There are a couple of (new) Canon accessories that are available that I may wish to use; the GP-E2 and the 600EX-RT.
The GP-E2 is a GPS add-on that adds GPS coordinate information to the EXINF data of images shot whilst this is attached. It works through the hot-shoe on the 5D-III but on the 7D this needs to be connected to the camera via a USB lead. The GP-E2 can also add direction information to images on the 5D-III but not the 7D.
There are many other great features on the 5D-III that you can read about that made this a no-brainer choice. But this camera also has to be able to do other kinds of work and the 5D is simply more versatile than the 7D.

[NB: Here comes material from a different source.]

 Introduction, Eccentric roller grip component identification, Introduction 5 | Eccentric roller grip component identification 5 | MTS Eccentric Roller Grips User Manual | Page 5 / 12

OK, so which lenses did I buy? Because of funds I only purchased one for now, the ever versatile 24-105 f4 IS L USM lens. Whilst this is not a telephoto lens it is a good starting lens. I also haven’t come to a full decision about the telephoto end either. I am torn between the 70-300 f4-5.6 L IS USM Lens and the much older 400mm f5.6 L lens (no USM and no IS either). Both are available second-hand in the LCE shops, one locally and one further afield. Both are roughly the same cost and once funds allow, I will invest in one of them too. I also see a few of other items being added, the GP-E2 as I like to geo-code my images, a 50mm f1.4 for low-light performance and a 600EX-RT as a flash can be useful, finally a remote cable release for tripod ;w-light shots.

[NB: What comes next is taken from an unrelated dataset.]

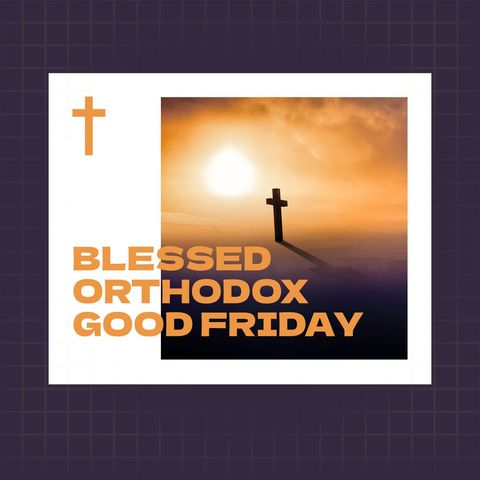 Orthodox Good Friday Celebration with Silhouetted Cross at Sunset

What else do I need? I purchased the camera and lens with an additional LP-E6 Battery and the BG-E11 grip as I managed to get a good deal from Lee. The only other item that I have added at this time has been ordered from WEX; this is the custom Kirk arca-swiss L bracket for the 5D-III+BGE11 grip. I used the camera on location today and the generic “universal” arca-swiss bracket kept coming loose on the tripod head.
So with my decision made I now have the 5D-III, the 24-105 lens, battery grip and spare battery. I didn’t know that I would “need” the Kirk bracket until this morning so I have only just ordered this so it should be here before my next shoot.